Especial Guga
Em sua recém lançada biografia, Gustavo Kuerten conta detalhes de sua carreira que todos pensam conhecer, mas que são ainda mais reveladores quando vistos sob a perspectiva de quem viveu tudo aquilo dentro de quadra
UMA FILA QUILOMÉTRICA SE formava em torno do prédio do Conjunto Nacional na avenida Paulista, em São Paulo. O que estaria acontecendo? Noite de autógrafos do livro “Guga, um brasileiro”, a biografia de Gustavo Kuerten, ex-número um do mundo, tricampeão de Roland Garros, o maior ídolo do tênis brasileiro nas últimas décadas. Ou seja, era esperado que uma multidão se aglomerasse no dia 10 de setembro, lançamento da obra.

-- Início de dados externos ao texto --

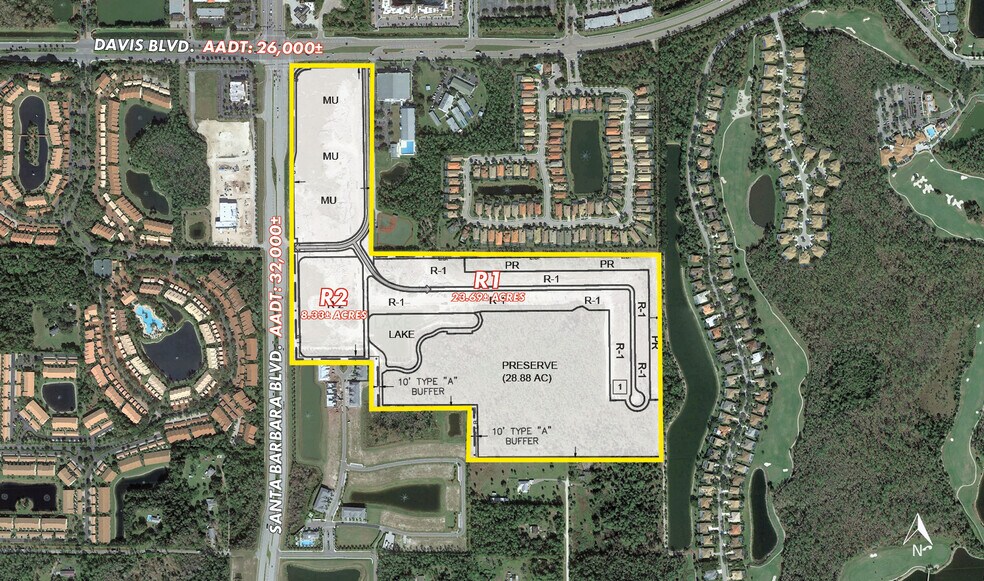 More Photos Of 4886 Santa Barbara Blvd., Naples Land For Sale
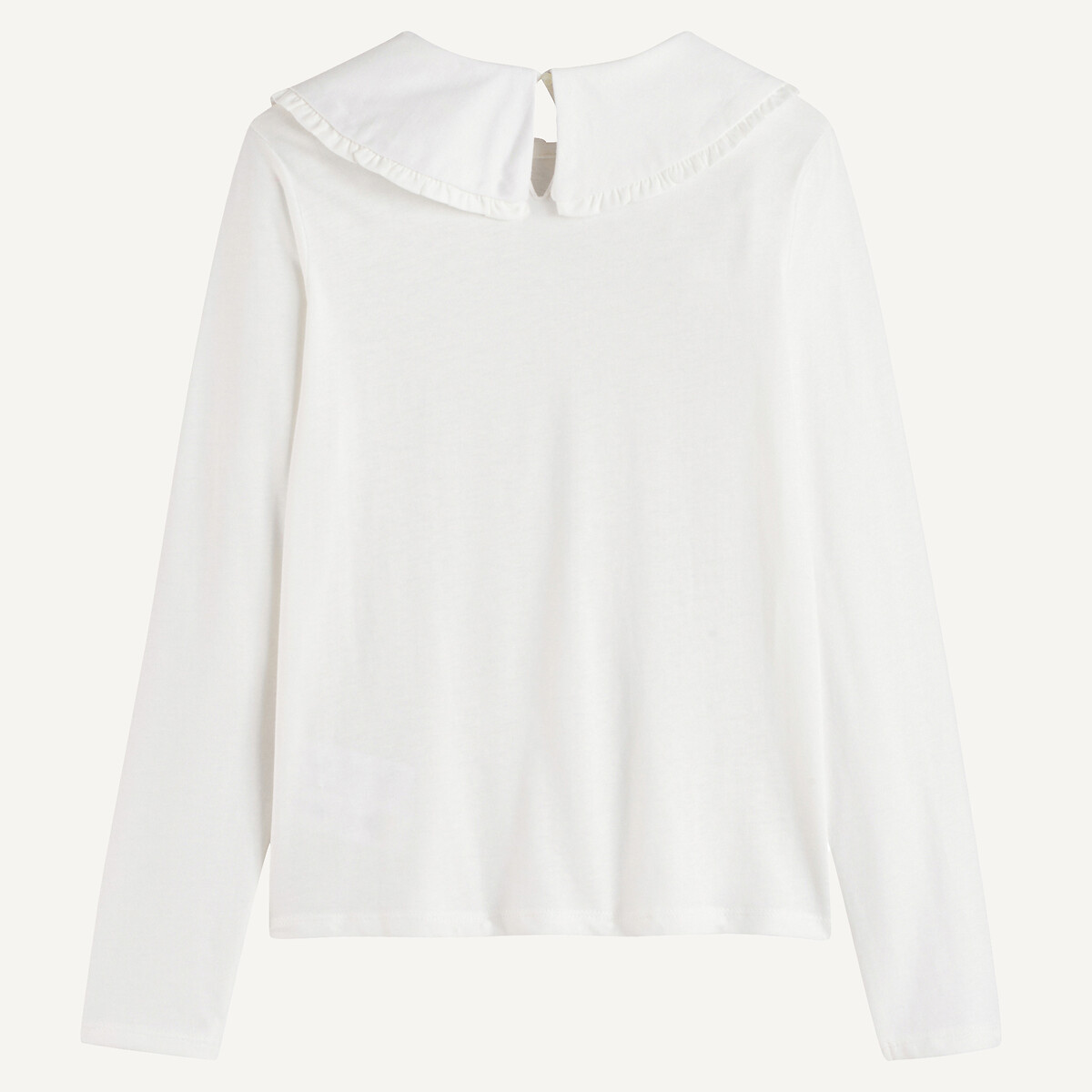 COLEÇÃO LA REDOUTE<br>Camiseta com gola Claudine e mangas compridas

Coincidentemente, o evento ocorreu no dia do 38º aniversário de Guga. Então, entre um cumprimento e outro, milhares de autógrafos e fotos, Kuerten sorriu, agradeceu, conversou com os fãs como se ainda estivesse no auge da forma e não longe das quadras desde 2008, quando se aposentou.
Ao explicar a opção pelo título de sua biografia, ele contou que queria mostrar sua essência que, no fundo, não é diferente de qualquer pessoa, qualquer brasileiro. A obra é uma narrativa envolvente e muito bem escrita em um trabalho primoroso de Luís Colombini. Nela, o leitor passeia pelas grandes conquistas de Guga, vitórias e fatos que provavelmente já conhece por ter visto na televisão ao vivo enquanto acompanhava a carreira do ídolo, mas com aquele toque pessoal da visão de quem está vivendo tudo aquilo, as angústias, os pensamentos, as emoções. É como reviver cada jogo, mas de um ponto de vista privilegiado e, muitas vezes, surpreendente. Além disso, a trama que perpassa os grandes momentos de Kuerten, também retoma suas origens, com fatos desconhecidos pela maioria do público, mesmo por quem o viu de perto.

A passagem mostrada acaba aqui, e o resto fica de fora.